Stachka*, Sergei Eisenstein (1925, Russia). AKA Strike. This is Eisenstein’s first full-length film, made the same year, but before, Battleship Potemkin. It’s pure propaganda, but I was surprised to see how many modern film techniques, such as jump cuts and montages, that Eisenstein uses. The film depicts a strike in a factory in pre-revolutionary Russia, and its suppression by the capitalist owners and tsarist authorities. It’s pretty brutal in places and, sadly, less than a century later, its premise is not one we can consign to the dustbin of history.
Taza, Son Of Cochise, Douglas Sirk (1954, USA). Sirk made a handful of brilliant films, but he also made a lot of crap ones. This is one of the latter although, to be fair, it was slightly better than I expected – and it is subversive for a western as it’s told entirely from the Native American side and it shows them trying to seek peace with the US. Well, not all of them. The title character, played by Rock Hudson, certainly is, he’s trying to stick to the treaty his father signed, and he even becomes the first officer of the “Indian police”. But one of the other members of the tribe is not so willing to bend over backwards – the Americans have forced the tribe to move onto a reservation, for example – and kicks off a rebellion. The film’s heart may be in the right place, but it’s hard to ignore that so many of the cast are whites playing Native Americans.

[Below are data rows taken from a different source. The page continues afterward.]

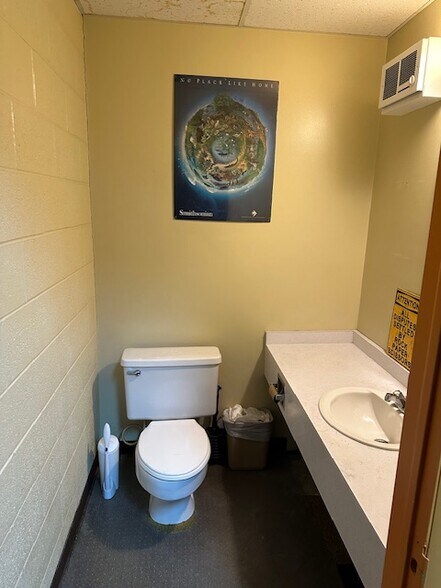 More Photos Of 1100 9th St S, Great Falls Storefront Retail Office For Lease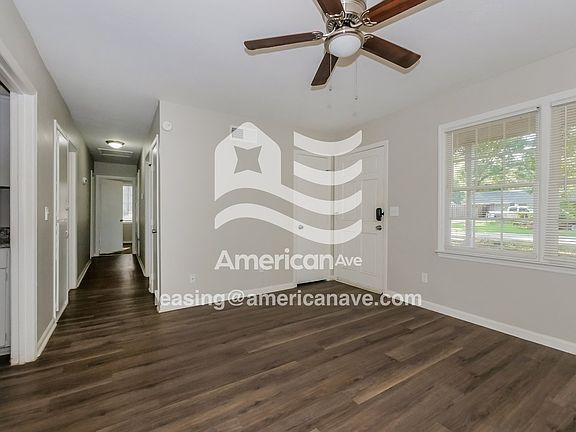 1457602_004_wm_-_living_room_13160784.jpg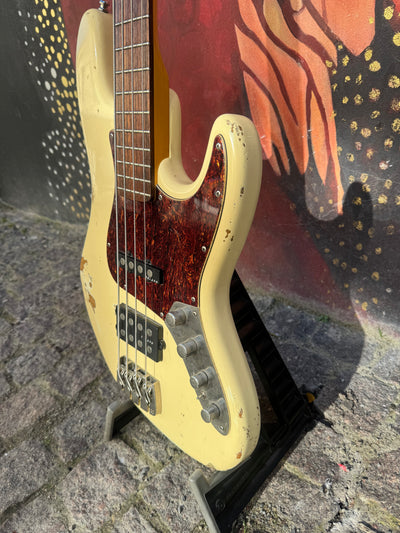 California TM4 Hardcore Aged Creme (2013)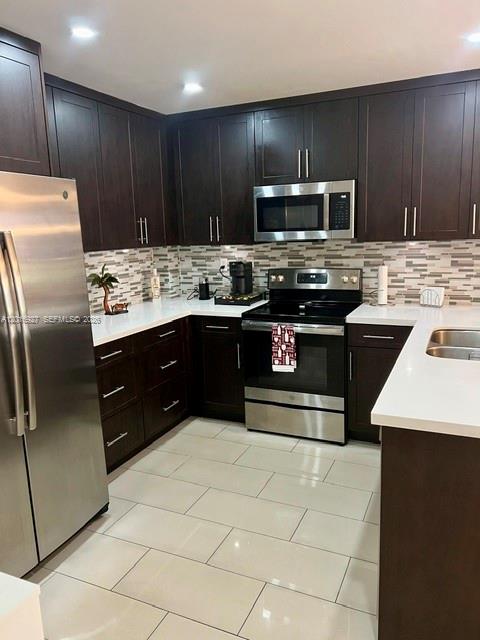 NORTHGATE TOWNHOUSE CONDO - Residential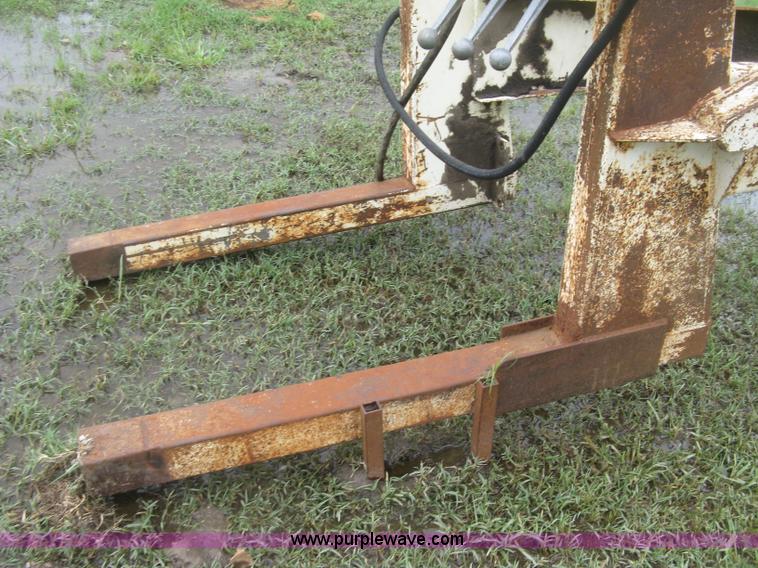 image for item L3841 Great Bend 900 loader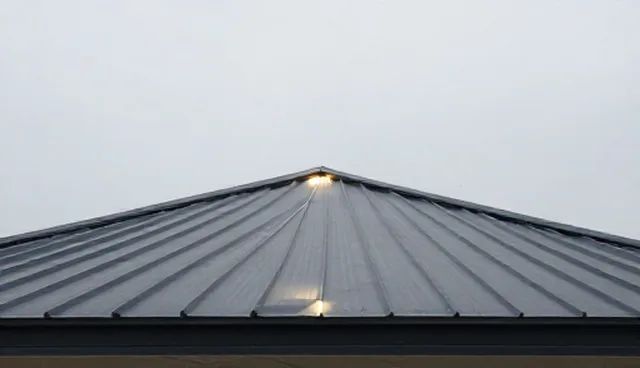 彩钢屋顶在工业建筑中的应用问题分析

The Zero Theorem, Terry Gilliam (2013, UK). It’s been a while since Gilliam made a film that blew me away – in fact the last few have been pretty lacklustre, and I think his most interesting piece in the last two decades has been a documentary on his failed attempt to make a film about Don Quixote. The Zero Theorem has been called a return to form, a phrase which always make me suspicious. I’ve seen mostly positive reviews of the film, which, unfairly, had led me to expect something as good as his earlier masterpieces. It’s not. The metaphor used for the “entity crunching” doesn’t make much sense and Bainsley feels like the sort of character only a dirty old man would think is necessary. But David Thewlis plays his part well, and Matt Damon’s wardrobe is quite amusing.
The Discreet Charm of Bourgeoisie*, Luis Buñuel (1972, France). This is one of the those films that slowly sucks you into its somewhat off-kilter world. It starts unremarkably enough: two couples turn up to another couple’s house for a planned dinner party, only to discover they’ve got the wrong day and the husband is away that night. So they take the wife to a nearby auberge with a good reputation, but it’s closed. They persuade the maître d to let them – only to learn the proprietor died that day, which is why the restaurant is closed. The film then follows the three couples as they arrange other dinner parties, including one with a contingent of military officers, a party that turns into a play on a stage… and it all becomes increasingly surreal as the film progresses. I had not expected to like this film as much as I did.
Lady For A Day, Frank Capra (1933, USA). Capra later remade this in 1961 as Pocketful Of Miracles, with Bette Davis and Glenn Ford – that was, in fact, Capra’s last feature film. An old woman who sells apples on the street to make ends meet has a daughter she gave away when young and who is now living in Spain. And who now wants her aristocratic Spanish fiancé to meet her mother who, she believes, is well-to-do and lives in a posh hotel. Fortunately, a local gangster considers the old woman is his good luck charm and is happy to help out. So they turn the old woman into the “lady” her daughter believes her to be, rent a big penthouse and organise a big bash… but it doesn’t go quite according to plan. Fortunately, everything works out… The very definition of a feel-good film.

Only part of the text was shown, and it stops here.